Simulation study on the damage evolution of rock by Two-Step wedge cut blasting under high in-situ stress

This study investigates the two-step wedge cut blasting technique, crucial for deep hard rock excavation under high stress. Our research assumes that this method significantly influences rock damage and fragmentation under varying stress conditions. Data from numerical simulations and experiments reveal the following: First-stage cutting initiates cracks and local damage in the cut area, while second-stage cutting propagates these cracks, forming a wider damage zone around the cavity.

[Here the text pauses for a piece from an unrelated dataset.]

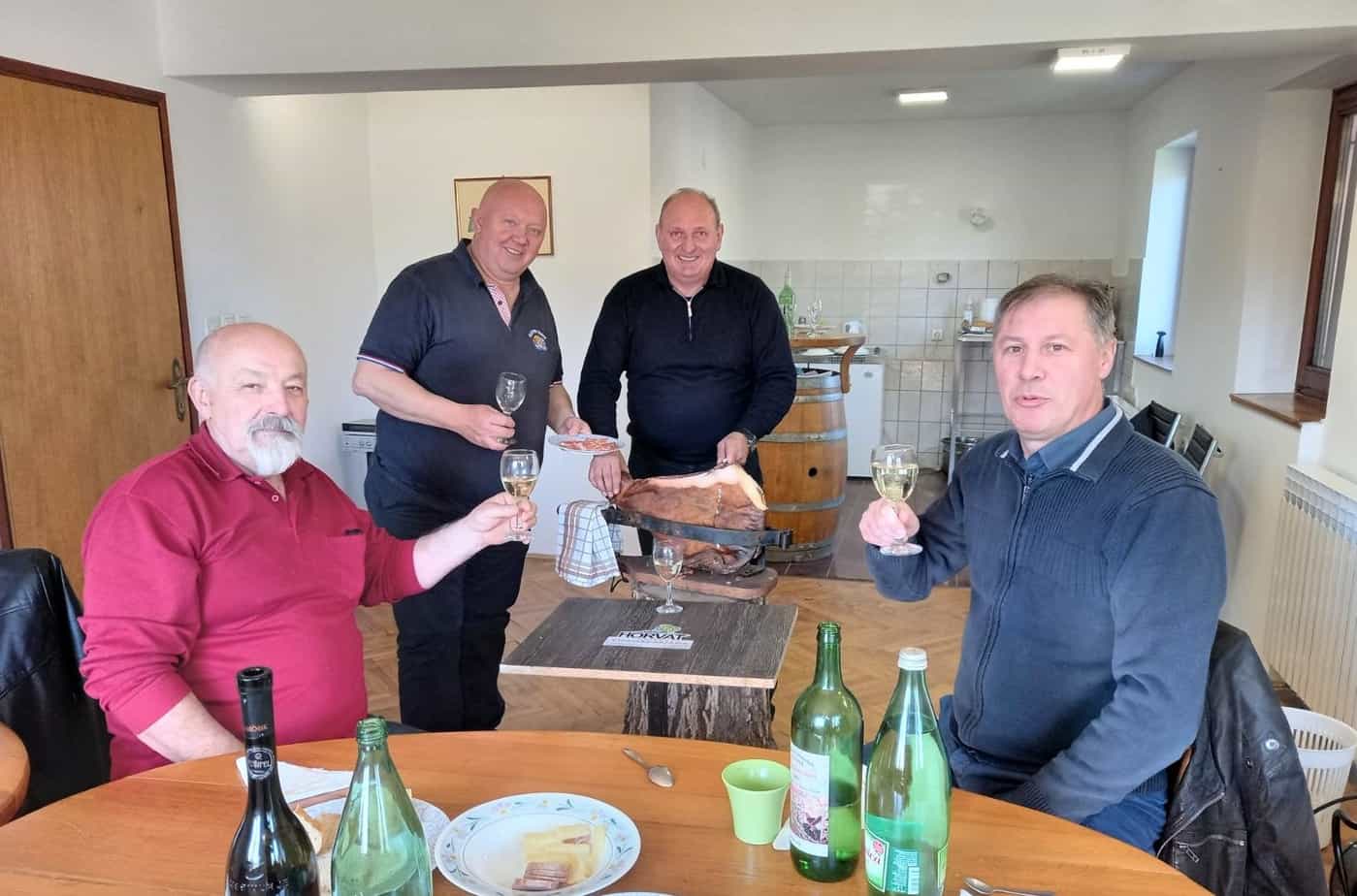 Tradicionalno okupljanje bivših glazbenika na Uskrsni ponedjeljak Tradicionalno okupljanje bivših glazbenika na Uskrsni ponedjeljak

Under hydrostatic stress exceeding 20 MPa, radial crack growth is restricted, with damage concentrated near blast holes, exhibiting uniform compressive cracks. In non-hydrostatic fields, cracks grow in diverse directions with intersecting patterns. High in-situ stress enhances the efficiency of explosive energy usage, resulting in more complete rock breakage and a larger cavity volume. The non-hydrostatic field shows higher energy-release efficiency than the hydrostatic one, creating a wider failure-extension area. These findings indicate that stress conditions considerably affect rock fragmentation and cavity formation in two-step wedge cut blasting. The data was obtained through calibrated numerical models in LS-DYNA and experimental tests, ensuring reliability. This research offers valuable insights for optimizing blasting design in deep hard rock excavation under high stress, providing both theoretical understanding and practical guidance for improving efficiency in such challenging environments.

本研究针对高应力（high stress）条件下深部硬岩开挖（deep hard rock excavation）中至关重要的两步楔形掏槽爆破技术（two-step wedge cut blasting）展开探究。本研究假设，在不同应力条件下，该方法对岩石损伤与破碎效果具有显著影响。通过数值模拟（numerical simulations）与实验获取的数据揭示如下规律： 第一阶段掏槽（first-stage cutting）会在掏槽区域萌生裂纹（cracks）并引发局部损伤（local damage），第二阶段掏槽（second-stage cutting）则会扩展这些裂纹，在空腔周围形成范围更广的损伤带。当静水应力（hydrostatic stress）超过20 MPa时，径向裂纹扩展（radial crack growth）受到限制，损伤集中于炮孔（blast holes）附近，呈现出均匀分布的压缩裂纹（compressive cracks）特征。在非静水应力场（non-hydrostatic field）中，裂纹会沿多方向扩展并形成交错分布的形态。高地应力（in-situ stress）能够提升炸药能量利用率（explosive energy usage），使得岩石破碎（rock breakage）更为充分，空腔体积（cavity volume）更大。非静水应力场的能量释放效率（energy-release efficiency）高于静水应力场，可形成范围更广的破坏扩展区域（failure-extension area）。 上述研究结果表明，应力条件对两步楔形掏槽爆破的岩石破碎效果与空腔成型具有显著影响。本研究的数据通过LS-DYNA中的校准数值模型（calibrated numerical models）与实验测试获取，确保了结果的可靠性。本研究可为高应力深部硬岩开挖的爆破设计优化提供宝贵见解，为这类高难度施工环境下的效率提升提供理论认知与实践指导。